Excerpts from a dataset:
▽

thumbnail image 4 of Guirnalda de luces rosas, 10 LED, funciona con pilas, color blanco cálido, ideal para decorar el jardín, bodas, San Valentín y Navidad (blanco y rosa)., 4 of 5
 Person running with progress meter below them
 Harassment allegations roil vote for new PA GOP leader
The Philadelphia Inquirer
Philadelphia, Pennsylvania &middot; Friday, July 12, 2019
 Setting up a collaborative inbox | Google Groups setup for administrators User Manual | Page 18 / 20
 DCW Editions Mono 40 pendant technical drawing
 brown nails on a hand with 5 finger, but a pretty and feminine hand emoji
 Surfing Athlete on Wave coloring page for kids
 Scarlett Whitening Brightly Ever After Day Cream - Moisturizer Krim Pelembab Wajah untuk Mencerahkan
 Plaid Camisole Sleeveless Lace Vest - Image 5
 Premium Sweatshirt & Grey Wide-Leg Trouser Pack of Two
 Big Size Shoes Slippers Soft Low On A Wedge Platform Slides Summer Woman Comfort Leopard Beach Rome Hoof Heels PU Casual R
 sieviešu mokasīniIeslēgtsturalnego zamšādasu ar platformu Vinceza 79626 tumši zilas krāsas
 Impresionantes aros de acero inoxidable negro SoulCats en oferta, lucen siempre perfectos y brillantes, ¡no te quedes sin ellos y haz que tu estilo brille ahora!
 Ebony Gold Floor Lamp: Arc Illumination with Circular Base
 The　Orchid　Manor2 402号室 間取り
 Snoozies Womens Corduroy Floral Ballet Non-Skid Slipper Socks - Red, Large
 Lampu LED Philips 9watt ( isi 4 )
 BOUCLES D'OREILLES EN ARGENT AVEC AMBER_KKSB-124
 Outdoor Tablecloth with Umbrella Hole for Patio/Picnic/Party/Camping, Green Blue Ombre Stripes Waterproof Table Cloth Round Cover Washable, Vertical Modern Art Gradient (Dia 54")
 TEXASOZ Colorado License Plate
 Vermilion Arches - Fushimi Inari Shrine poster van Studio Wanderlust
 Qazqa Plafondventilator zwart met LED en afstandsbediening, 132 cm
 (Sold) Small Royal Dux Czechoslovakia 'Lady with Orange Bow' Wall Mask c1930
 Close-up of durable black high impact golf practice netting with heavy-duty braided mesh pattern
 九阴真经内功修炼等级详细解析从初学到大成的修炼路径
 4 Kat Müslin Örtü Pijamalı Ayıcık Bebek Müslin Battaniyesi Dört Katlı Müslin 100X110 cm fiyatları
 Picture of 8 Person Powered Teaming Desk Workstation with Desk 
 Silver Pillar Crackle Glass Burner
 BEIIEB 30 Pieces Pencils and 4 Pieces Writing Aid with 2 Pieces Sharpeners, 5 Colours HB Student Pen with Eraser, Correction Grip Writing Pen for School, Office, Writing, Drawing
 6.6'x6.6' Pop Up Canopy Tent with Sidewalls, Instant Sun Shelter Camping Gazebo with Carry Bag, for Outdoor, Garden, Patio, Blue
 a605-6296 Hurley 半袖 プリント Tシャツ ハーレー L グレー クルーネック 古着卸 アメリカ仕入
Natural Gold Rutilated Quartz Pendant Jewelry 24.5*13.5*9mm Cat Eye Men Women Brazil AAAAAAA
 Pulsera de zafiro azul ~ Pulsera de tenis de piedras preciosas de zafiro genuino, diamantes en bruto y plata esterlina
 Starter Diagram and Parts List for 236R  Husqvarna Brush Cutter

△

▶ [Work instructions]: Return each line above where the word "Philadelphia" shows up.

▶ [Written answer]:
The Philadelphia Inquirer
Philadelphia, Pennsylvania &middot; Friday, July 12, 2019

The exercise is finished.